• **DATASET EXCERPT**:
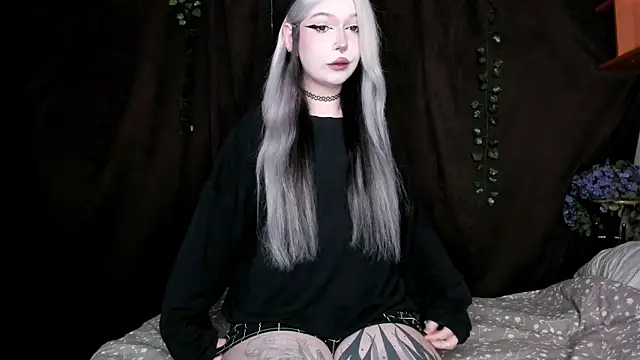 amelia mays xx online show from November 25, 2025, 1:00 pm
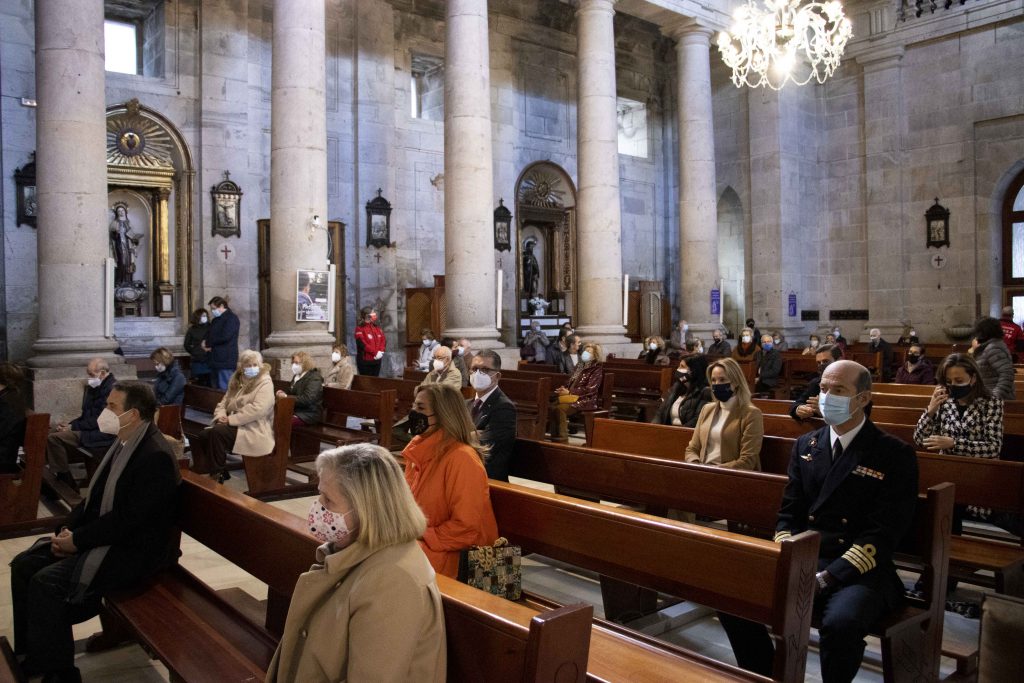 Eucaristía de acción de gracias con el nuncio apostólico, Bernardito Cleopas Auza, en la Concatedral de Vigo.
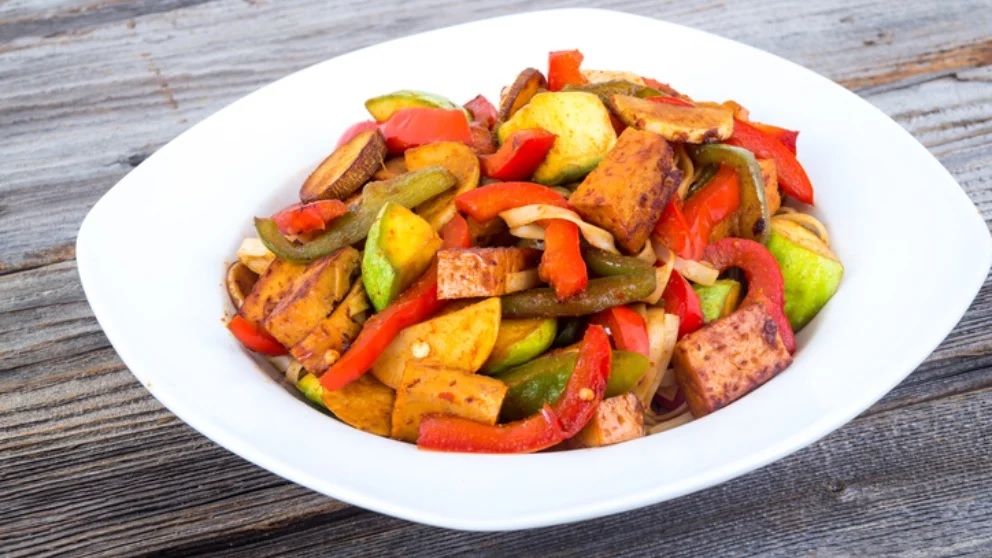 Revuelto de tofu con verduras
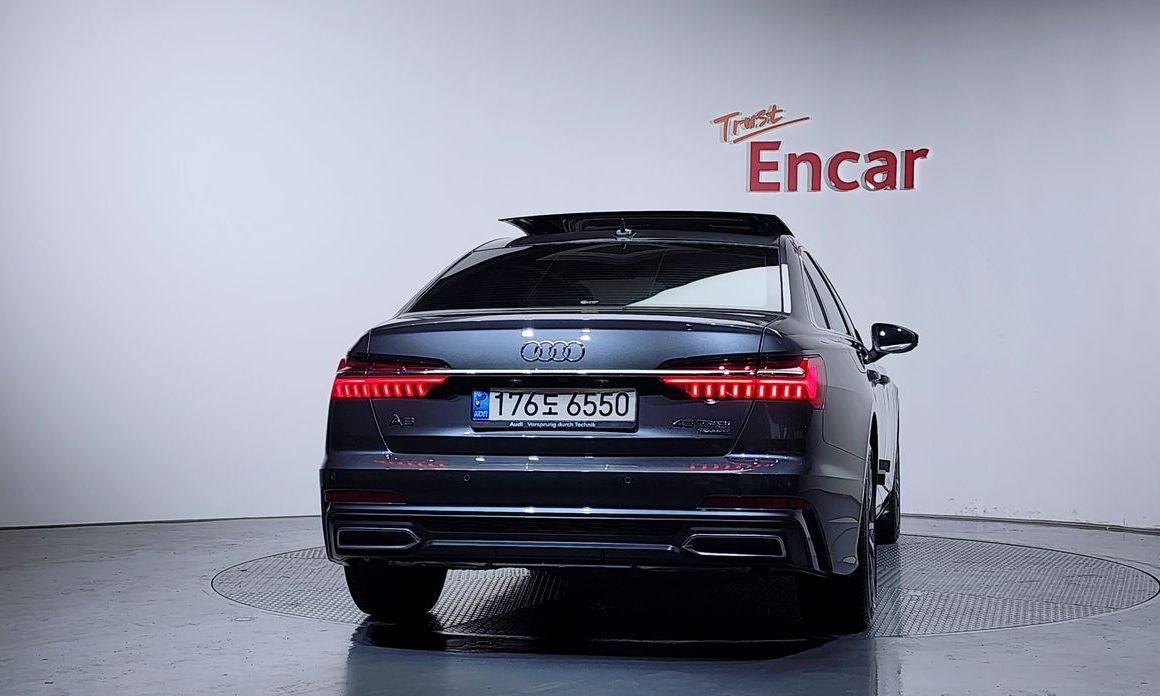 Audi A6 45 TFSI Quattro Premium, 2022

• **YOUR GOAL**: Exactly as written, give again every line from the one containing "Eucaristía de acción" through the last line of the material, both included, with the pictures left out.

• **SOLVED EXERCISE**:
 Eucaristía de acción de gracias con el nuncio apostólico, Bernardito Cleopas Auza, en la Concatedral de Vigo.
 Revuelto de tofu con verduras
 Audi A6 45 TFSI Quattro Premium, 2022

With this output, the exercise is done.